Inability to Obtain Required Skill sets
If FREDsense is unable to attract the required skillsets when needed there are two contingencies that will be attempted in order. The first contingency will be to approach internship programs at local universities to attempt to obtain the necessary personnel before their training is entirely complete, provided they have adequate mentorship from within their university. Failing this, FREDsense will reallocate money in the budget to attempt to attract qualified personnel with a more competitive salary or compensation package, potentially through the issue of shares to the individual(s).

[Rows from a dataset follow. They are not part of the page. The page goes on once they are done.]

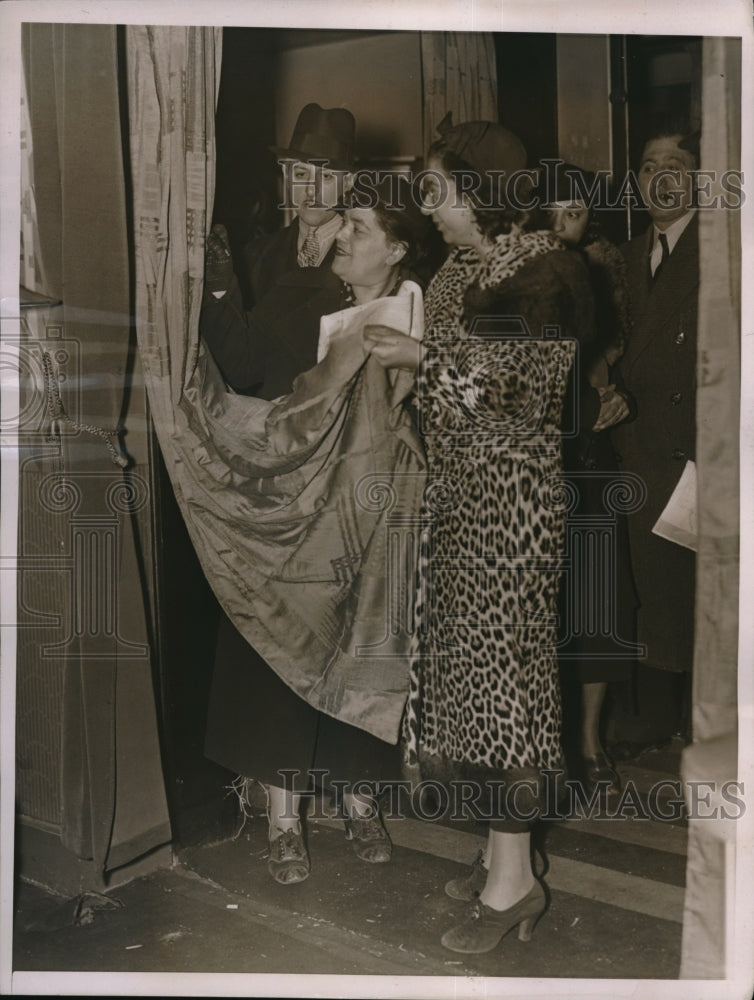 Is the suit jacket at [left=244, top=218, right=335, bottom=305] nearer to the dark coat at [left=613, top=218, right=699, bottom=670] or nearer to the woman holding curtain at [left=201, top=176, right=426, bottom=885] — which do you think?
the woman holding curtain at [left=201, top=176, right=426, bottom=885]

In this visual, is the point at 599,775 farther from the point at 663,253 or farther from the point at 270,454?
the point at 663,253

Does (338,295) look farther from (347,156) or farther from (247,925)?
(247,925)

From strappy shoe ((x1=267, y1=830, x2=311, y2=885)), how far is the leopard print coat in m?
0.50

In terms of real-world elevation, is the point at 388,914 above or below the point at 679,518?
below

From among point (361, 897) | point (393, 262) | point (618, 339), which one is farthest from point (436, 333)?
point (361, 897)

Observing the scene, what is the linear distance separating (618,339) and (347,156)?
817 mm

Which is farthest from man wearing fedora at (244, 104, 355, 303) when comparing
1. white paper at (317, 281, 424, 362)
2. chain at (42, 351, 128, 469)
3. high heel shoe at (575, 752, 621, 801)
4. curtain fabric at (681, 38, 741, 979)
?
high heel shoe at (575, 752, 621, 801)

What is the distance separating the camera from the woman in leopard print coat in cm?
256

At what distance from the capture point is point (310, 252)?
2.66 meters

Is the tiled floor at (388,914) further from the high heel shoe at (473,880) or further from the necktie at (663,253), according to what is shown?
the necktie at (663,253)

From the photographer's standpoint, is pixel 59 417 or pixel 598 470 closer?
pixel 598 470

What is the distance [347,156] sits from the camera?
261 centimetres

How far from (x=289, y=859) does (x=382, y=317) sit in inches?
56.5

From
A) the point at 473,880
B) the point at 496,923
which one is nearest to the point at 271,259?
the point at 473,880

Inadequate Performance by an Officer
If an officer does not commit to the time commitment required by their position within the company, such as part- or full-time employment, then that shareholder will be deemed to be performing inadequately. In the case of inadequate performance the shareholder will be given one full year (365 days) during which they are to meet all required performance goals as outlined by their employment position. If the shareholder does not meet the required performance goals with one year their shares will be purchased by the company for their current market value and the employment of the individual will be terminated.
Incorporation
As a next step for our group, our six members have begun the process of incorporating our business. This has involved engaging legal professionals to maintain the rights of our company FREDsense Technologies. We have established a share structure, secured the name FREDsense Technologies, and begun to protect our identity as a corporation. We have also created an unanimous shareholders agreement (USA) to ensure that our team is working together strongly to build this company up in the future.